Work to be completed> Before repeating the entries below, strip out every picture and keep all else as it is.

Data for the task>
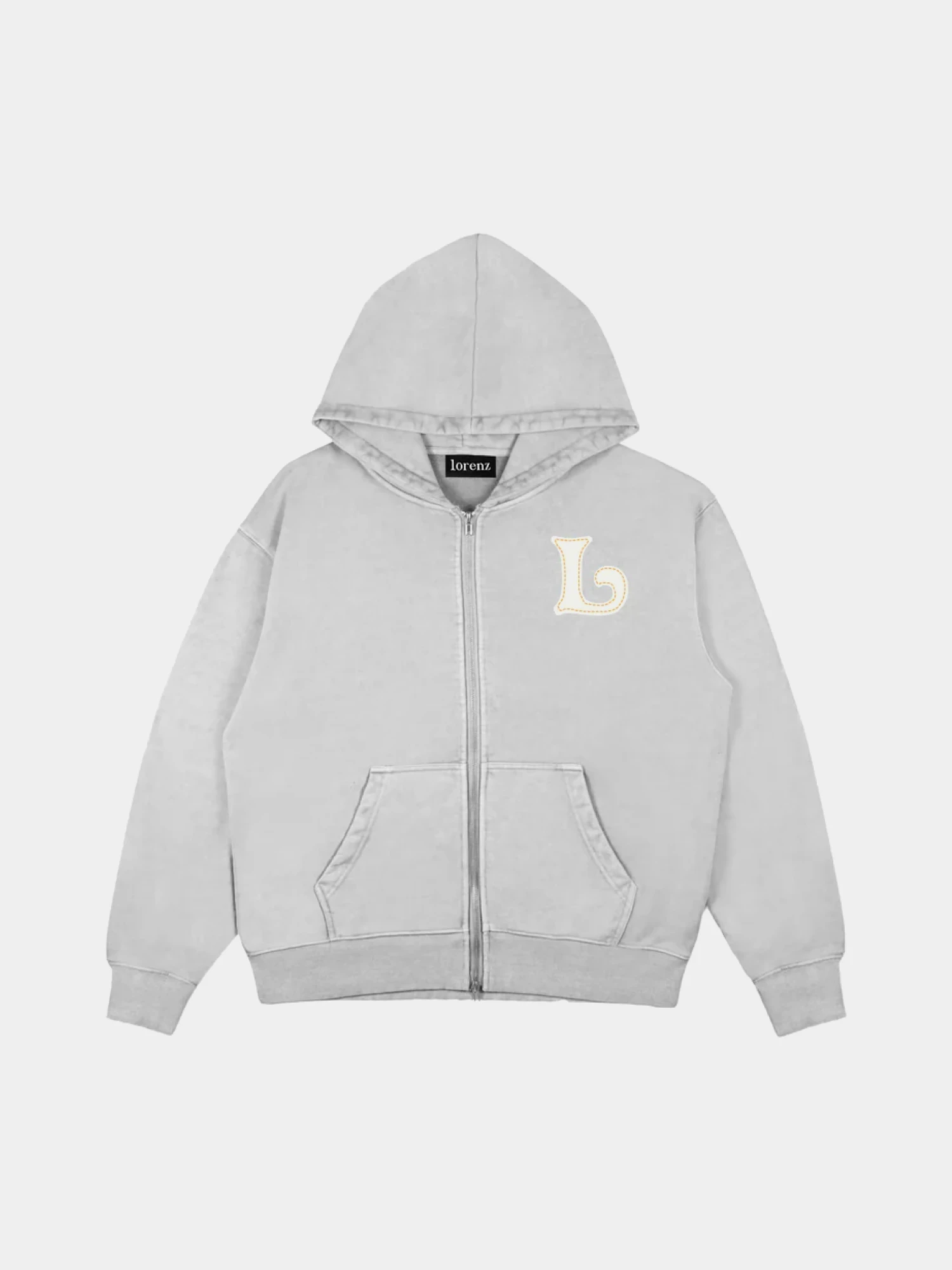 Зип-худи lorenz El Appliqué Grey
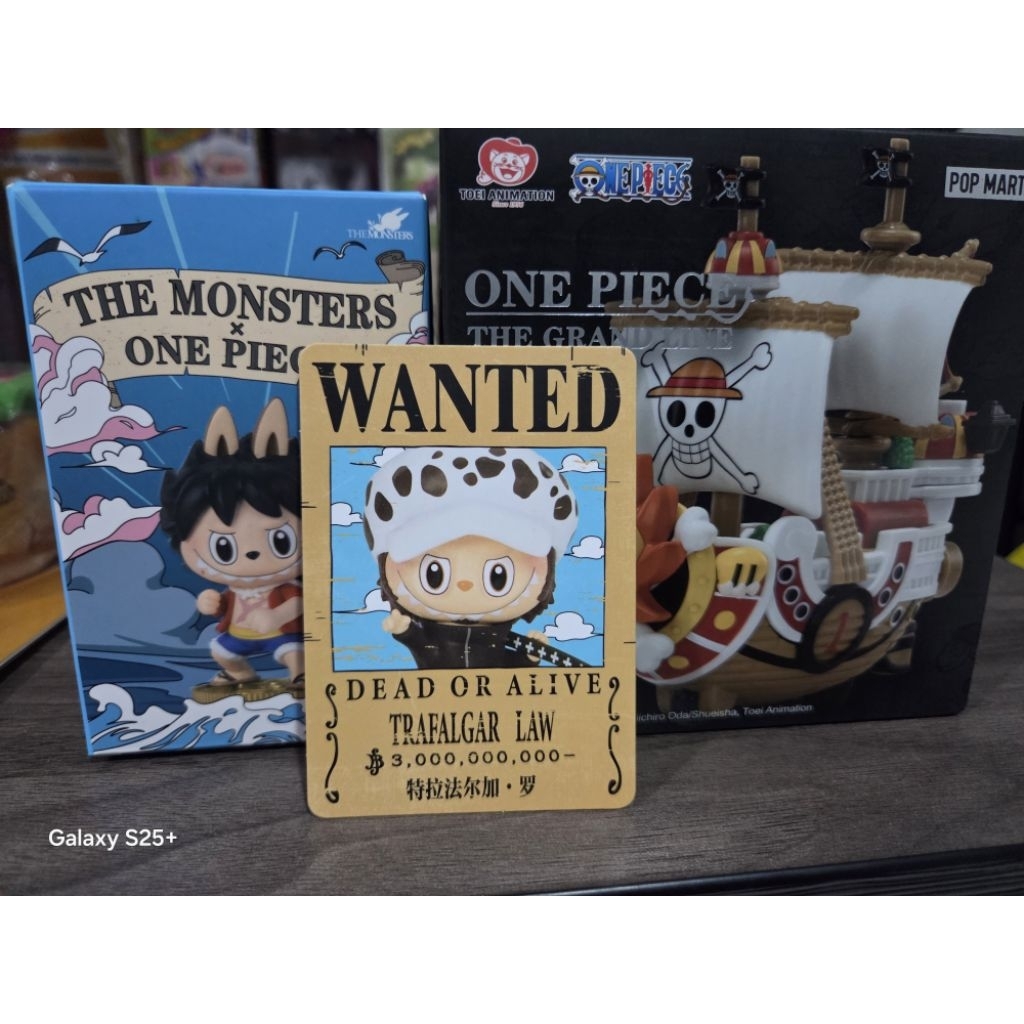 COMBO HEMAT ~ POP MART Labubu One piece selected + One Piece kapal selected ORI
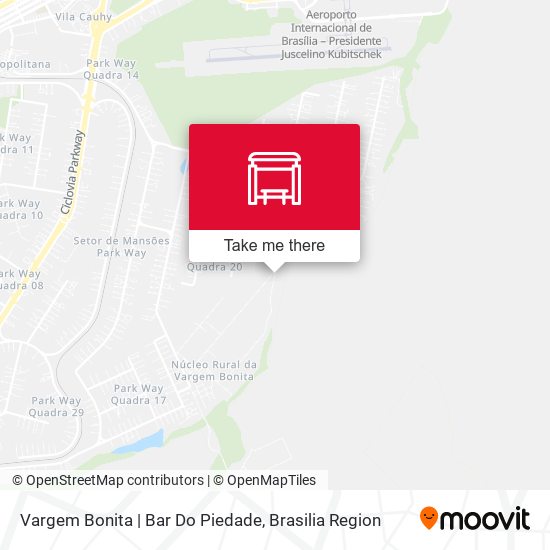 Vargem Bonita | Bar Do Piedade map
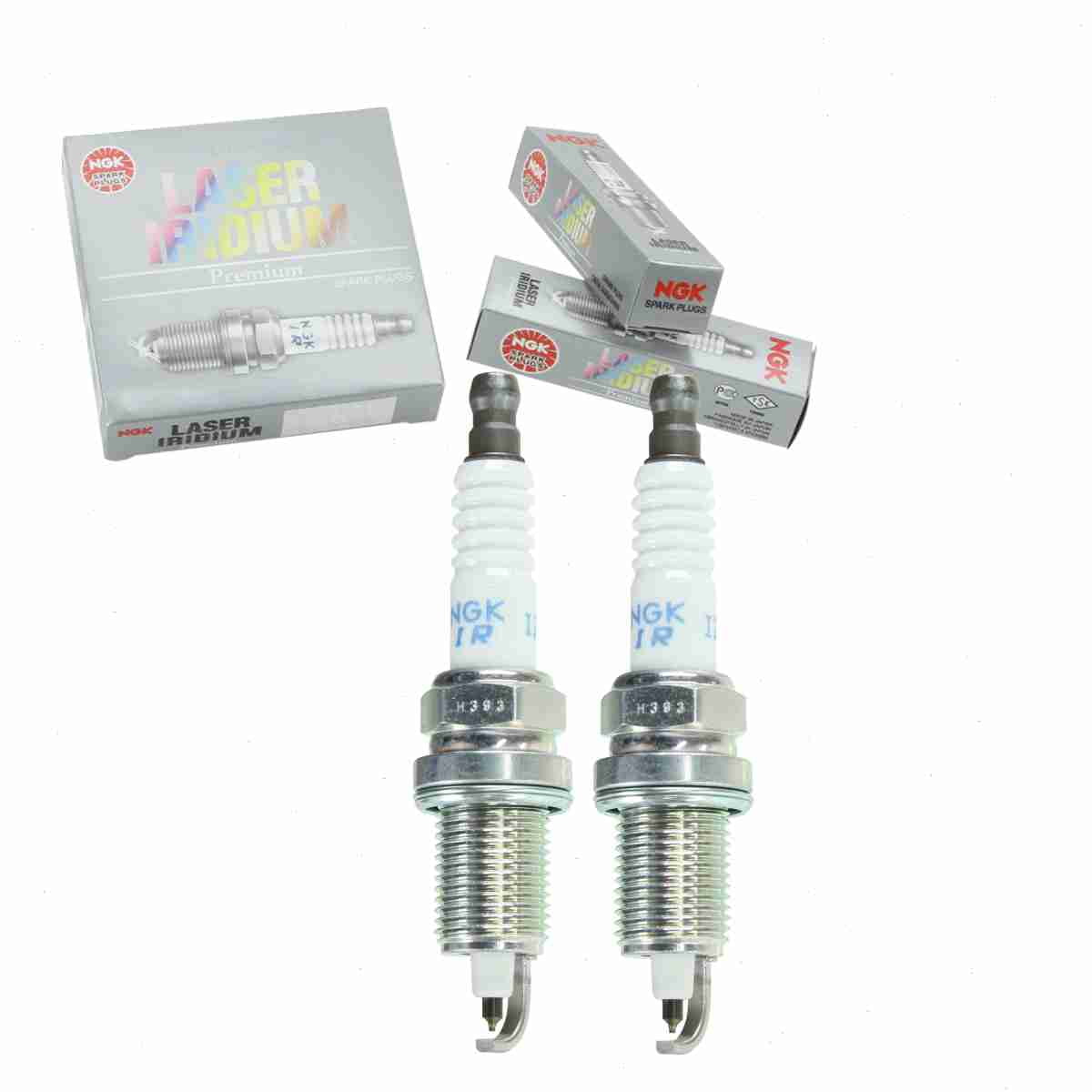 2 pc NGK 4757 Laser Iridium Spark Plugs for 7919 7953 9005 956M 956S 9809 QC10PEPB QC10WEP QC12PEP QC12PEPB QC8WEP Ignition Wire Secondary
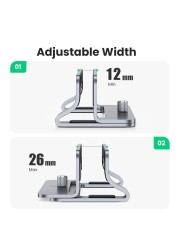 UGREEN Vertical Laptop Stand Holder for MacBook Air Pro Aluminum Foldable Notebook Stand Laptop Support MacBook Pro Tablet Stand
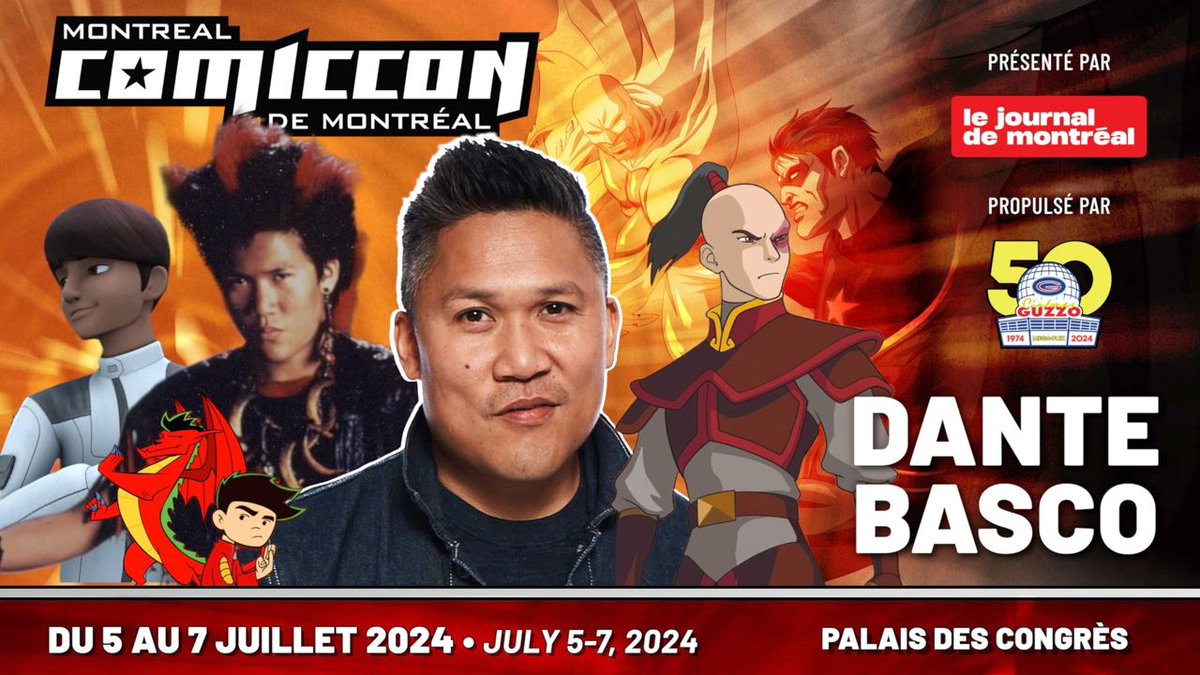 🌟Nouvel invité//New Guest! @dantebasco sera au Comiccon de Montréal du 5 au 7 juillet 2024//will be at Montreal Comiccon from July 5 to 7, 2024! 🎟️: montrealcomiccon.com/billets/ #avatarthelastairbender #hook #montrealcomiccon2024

Answer space>
 Зип-худи lorenz El Appliqué Grey
 COMBO HEMAT ~ POP MART Labubu One piece selected + One Piece kapal selected ORI
 Vargem Bonita | Bar Do Piedade map
 2 pc NGK 4757 Laser Iridium Spark Plugs for 7919 7953 9005 956M 956S 9809 QC10PEPB QC10WEP QC12PEP QC12PEPB QC8WEP Ignition Wire Secondary
 UGREEN Vertical Laptop Stand Holder for MacBook Air Pro Aluminum Foldable Notebook Stand Laptop Support MacBook Pro Tablet Stand
 🌟Nouvel invité//New Guest! @dantebasco sera au Comiccon de Montréal du 5 au 7 juillet 2024//will be at Montreal Comiccon from July 5 to 7, 2024! 🎟️: montrealcomiccon.com/billets/ #avatarthelastairbender #hook #montrealcomiccon2024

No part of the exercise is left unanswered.